東急不動産とパナソニックは1月21日、分譲マンション向けの冷凍・冷蔵宅配ボックス「冷凍・冷蔵宅配ロッカー」を開発し、東急不動産が大阪市で分譲を行う二つの新築マンションで採用すると発表した。国内の分譲マンションにおける冷凍機能のついた宅配ボックスの採用は日本初の取り組み。入居者の利便性向上を図るとともに、再配達の削減によるCO2排出量の抑制も目指す。

 「冷凍・冷蔵宅配ロッカー」を採用するのは、東急不動産が大阪市中央区で分譲を行う「ブランズタワー谷町四丁目」と「ブランズタワー大阪本町」。それぞれ2024年3月に引渡しの予定で、以降は冷凍・冷蔵品を「冷凍・冷蔵宅配ロッカー」で受け取ることができるようになる。当初はこれらの物件を対象に、ヤマト運輸、佐川急便が配送対応する予定。
 分譲マンション向けの冷凍・冷蔵宅配ボックスを開発した背景には、冷凍品・冷蔵品の宅配需要の拡大による再配達の増加がある。これまで分譲マンションでは、冷凍品の受け取りについては利用者が直接行うしかなく、留守の場合には再配達を余儀なくされてきた。また、配達にともなう車両の利用による二酸化炭素(CO2)排出量の増加も懸念されている。これらの現状を踏まえ両社は「冷凍・冷蔵宅配ロッカー」の開発に至った。

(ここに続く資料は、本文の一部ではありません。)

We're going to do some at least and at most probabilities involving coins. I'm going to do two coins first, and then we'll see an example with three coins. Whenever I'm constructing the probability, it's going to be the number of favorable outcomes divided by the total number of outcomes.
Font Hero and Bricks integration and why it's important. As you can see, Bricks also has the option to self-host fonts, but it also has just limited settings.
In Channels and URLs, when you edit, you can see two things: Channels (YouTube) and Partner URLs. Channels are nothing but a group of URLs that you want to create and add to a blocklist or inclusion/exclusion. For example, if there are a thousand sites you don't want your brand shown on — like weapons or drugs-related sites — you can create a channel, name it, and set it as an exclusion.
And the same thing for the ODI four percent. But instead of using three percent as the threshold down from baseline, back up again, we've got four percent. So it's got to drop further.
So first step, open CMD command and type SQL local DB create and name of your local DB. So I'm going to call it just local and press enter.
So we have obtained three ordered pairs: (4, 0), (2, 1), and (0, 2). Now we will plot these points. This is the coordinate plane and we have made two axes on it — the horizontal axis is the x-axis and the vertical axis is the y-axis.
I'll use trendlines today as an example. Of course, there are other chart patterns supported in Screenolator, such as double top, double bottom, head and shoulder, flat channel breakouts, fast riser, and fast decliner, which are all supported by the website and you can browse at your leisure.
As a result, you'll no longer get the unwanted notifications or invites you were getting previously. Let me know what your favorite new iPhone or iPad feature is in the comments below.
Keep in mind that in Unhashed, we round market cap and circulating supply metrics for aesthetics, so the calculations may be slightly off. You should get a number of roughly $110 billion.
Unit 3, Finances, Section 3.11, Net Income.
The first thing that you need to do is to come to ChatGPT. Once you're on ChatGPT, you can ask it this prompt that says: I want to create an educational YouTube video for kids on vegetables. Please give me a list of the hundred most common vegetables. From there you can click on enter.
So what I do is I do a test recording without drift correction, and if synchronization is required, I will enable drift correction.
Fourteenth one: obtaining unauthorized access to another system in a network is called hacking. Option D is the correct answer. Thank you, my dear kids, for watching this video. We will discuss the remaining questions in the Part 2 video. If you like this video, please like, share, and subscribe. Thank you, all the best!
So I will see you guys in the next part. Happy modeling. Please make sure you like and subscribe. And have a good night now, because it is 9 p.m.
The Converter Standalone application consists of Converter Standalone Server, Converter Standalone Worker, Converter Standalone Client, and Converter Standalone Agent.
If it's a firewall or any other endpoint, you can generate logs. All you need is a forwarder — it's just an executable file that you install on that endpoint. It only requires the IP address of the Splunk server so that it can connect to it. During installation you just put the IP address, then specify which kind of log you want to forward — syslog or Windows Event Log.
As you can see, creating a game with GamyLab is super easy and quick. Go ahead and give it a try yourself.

 冷凍・冷蔵宅配ロッカーは、パナソニックが2021年1月に開発した受け取り用冷凍・冷蔵ロッカーをベースに、インターホンシステム連携や非接触キー対応など分譲マンション用途への変更開発を行った。実証実験にはヤマト運輸と佐川急便も協力。配送物の温度帯や実運用面での検証を行い、受け取り用冷凍・冷蔵ロッカーに配送された商品の温度帯に問題ないことを確認した。
 国土交通省では、インターネットを利用した通信販売(EC)の増加とともに増える宅配便の取扱い個数の急伸と再配達の増加を社会的課題の一つと捉え、2017年10月から国内の再配達率の調査を行っている。同省では2025年の再配達率7.5%を目標として掲げており、2019年からは「置き配」の検討会を実施、各種対応を行っている。